- Outfielder
- Born: February 6, 1977 (age 49) Bronx, New York, U.S.
- Batted: LeftThrew: Right

MLB debut
- September 5, 2003, for the Milwaukee Brewers

Last MLB appearance
- September 28, 2003, for the Milwaukee Brewers

MLB statistics
- Batting average: .108
- Hits: 4
- Runs batted in: 3
- Stats at Baseball Reference

Teams
- Milwaukee Brewers (2003);

= Pete Zoccolillo =

American baseball player (born 1977)

Peter Jude Zoccolillo (born February 6, 1977) is an American former professional baseball outfielder. He played part of the 2003 season in Major League Baseball for the Milwaukee Brewers.

==Career==
He played college baseball at Rutgers University where he was three times All-Big East First Team. He graduated with a degree in communications and a minor in psychology. He was drafted by the Chicago Cubs in the 23rd round of the 1999 amateur draft. At the trade deadline in 2001, the Cubs traded him and Rubén Quevedo to the Brewers for David Weathers and a minor leaguer.

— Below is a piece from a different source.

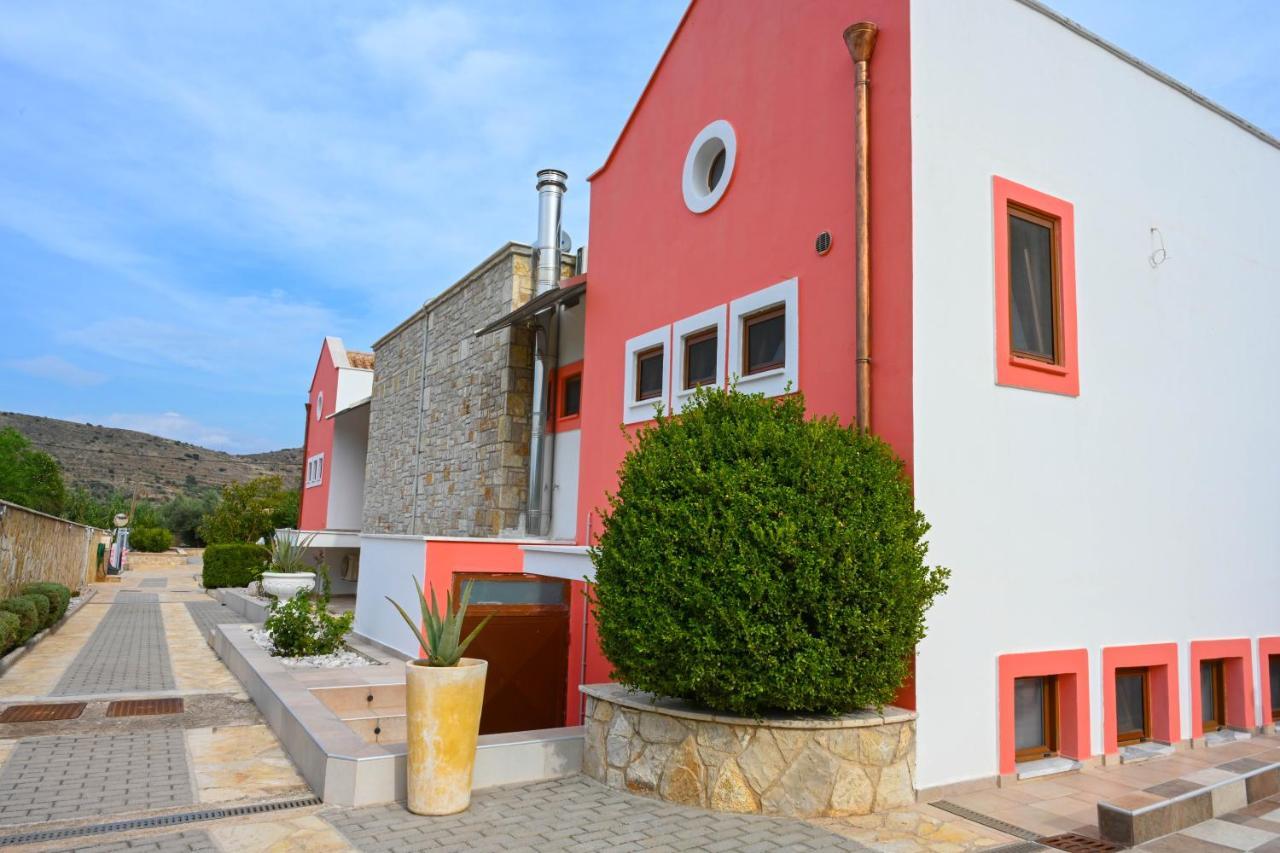 Αριων Village & Suites Nafplio Luaran gambar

Zoccolillo made his Major League debut on September 5, 2003 at Miller Park. He recorded his first Major League hit on September 9 against Tim Redding of the Houston Astros. Following the season, the Texas Rangers selected him from the Brewers in the minor league phase of the Rule 5 draft.

After spending the 2005 season in the minors with the St. Louis Cardinals, he signed a contract with the Colorado Rockies. After playing with Italy at the 2006 World Baseball Classic, however, he decided to retire from professional baseball.

==Personal life==
Zoccolillo's father, Al, coached the Iona Gaels baseball team. His mother, Terry, was a teacher. He met his wife, Denise, before his final year at Rutgers.

In 2011, he was living in Randolph, New Jersey, working as a salesman for Enzo Clinical Labs and coaching youth baseball. In 2021, he was living in Mount Olive Township, New Jersey and was hired to coach the baseball team at Mount Olive High School.